# Need Help Building an indoor feeder



## teebo (Jul 7, 2006)

i cant find the post but someone in here has a built in feeder in their loft,i would like to build that for my pigeons,can someone point me in the right direction,on how to do it?instructions and photos.thanks all


----------



## Lovebirds (Sep 6, 2002)

teebo said:


> i cant find the post but someone in here has a built in feeder in their loft,i would like to build that for my pigeons,can someone point me in the right direction,on how to do it?instructions and photos.thanks all


Don't know if it was this one or not, but here's one my husband built
http://lovebirdsloft.homestead.com/LOFTACCESSORIESPLANPAGE.html


----------



## teebo (Jul 7, 2006)

Randy, thanks for the quick reply,got them


----------



## Lovebirds (Sep 6, 2002)

teebo said:


> Randy, thanks for the quick reply,got them


Randy?? LOL


----------



## Ed (Sep 18, 2008)

hahahahahahaha
was the sex change successful Renee?
LOL


----------



## teebo (Jul 7, 2006)

StoN3d said:


> hahahahahahaha
> was the sex change successful Renee?
> LOL


lol i thanked Randy for sending me a personal email.sorry about that.Lovebirds,thanks for the info. but it was a feeder that is built into the wall of a loft.


----------



## hillfamilyloft (Jun 22, 2005)

Hey Renee

I won't change you sexes, but I would like to change you lofts. Saw the videos on the other post. Nice Job on the lofts. 

Randy


----------



## Lovebirds (Sep 6, 2002)

LOL........OK....didn't know.

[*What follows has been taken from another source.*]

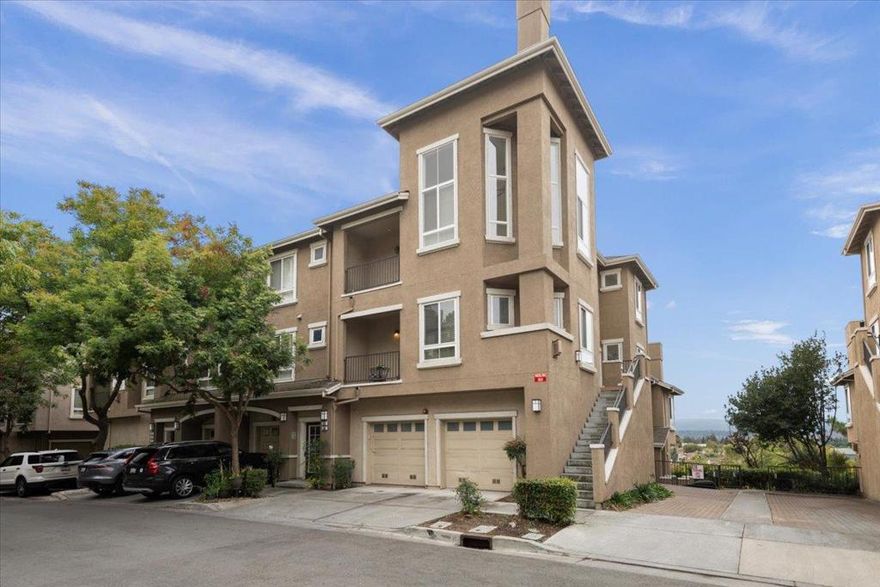 End-unit townhome in Lancaster Gate at the base of Communications Hill. Three ensuite bedrooms with walk-in closets, including a main-level suite and two additional suites on second level. The primary with vaulted ceilings, fireplace, and private balcony. Living room with tall ceilings, dining room and abundant light, tons of windows, and French door to balcony. Kitchen includes stainless appliances, gas cooktop, granite counters, casual eating area and glass sliding door to side entrance. Double pane windows, central A/C and 2 car attached garage. Steps from the renowned Comm Hill Grand Staircase, scenic walking and biking trails, and neighborhood parks with playgrounds. The community enhances your lifestyle with a sparkling pool, relaxing spa, and low HOA fees, while its prime location provides easy access to VTA Light Rail, Caltrain, downtown San Jose, shopping, and freeways 87, 85, 280, and 101.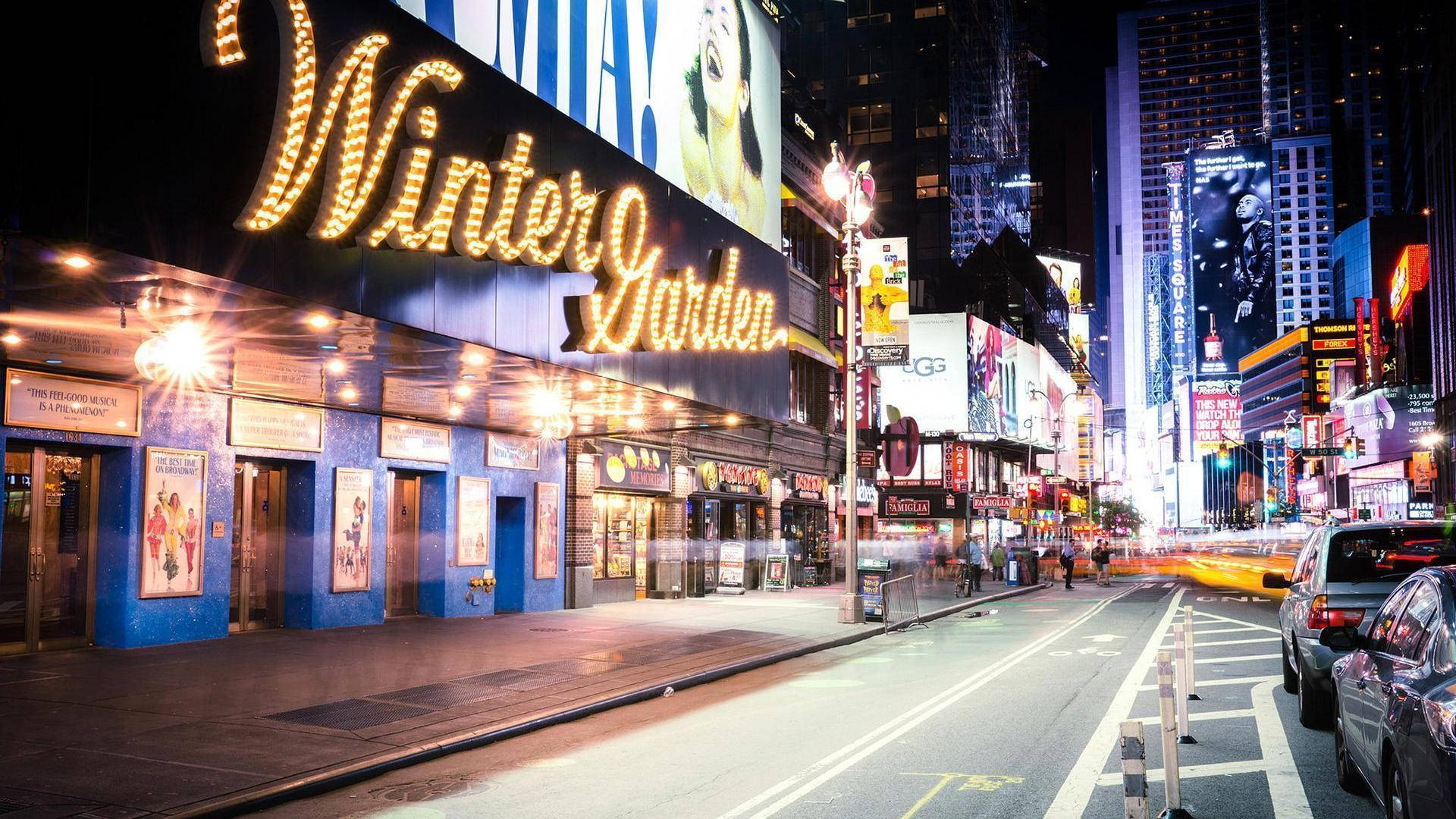 Broadway 桌布 壁紙 — 時代廣場的迷人夜景，閃爍的廣告牌和流動的車燈照亮了繁華的城市街道。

Just saw the one response, then saw Randy.........LOL


----------



## Lovebirds (Sep 6, 2002)

StoN3d said:


> hahahahahahaha
> was the sex change successful Renee?
> LOL


----------



## teebo (Jul 7, 2006)

heres the link,does anyone have one similiar that they built.its really a great idea. http://www.pigeons.biz/forums/f38/new-loft-pirates-perch-its-about-time-34133.html


----------



## pattersonk2002 (Jun 1, 2008)

*feeder*



teebo said:


> heres the link,does anyone have one similiar that they built.its really a great idea. http://www.pigeons.biz/forums/f38/new-loft-pirates-perch-its-about-time-34133.html


That is a nice feeder, it looks like the one I decided to build. There was only one thing I had to change, they would fling the seeds out of the tray so I put sides on it and a board across the front an now almost all the seed stays in the trough or on your landing board


----------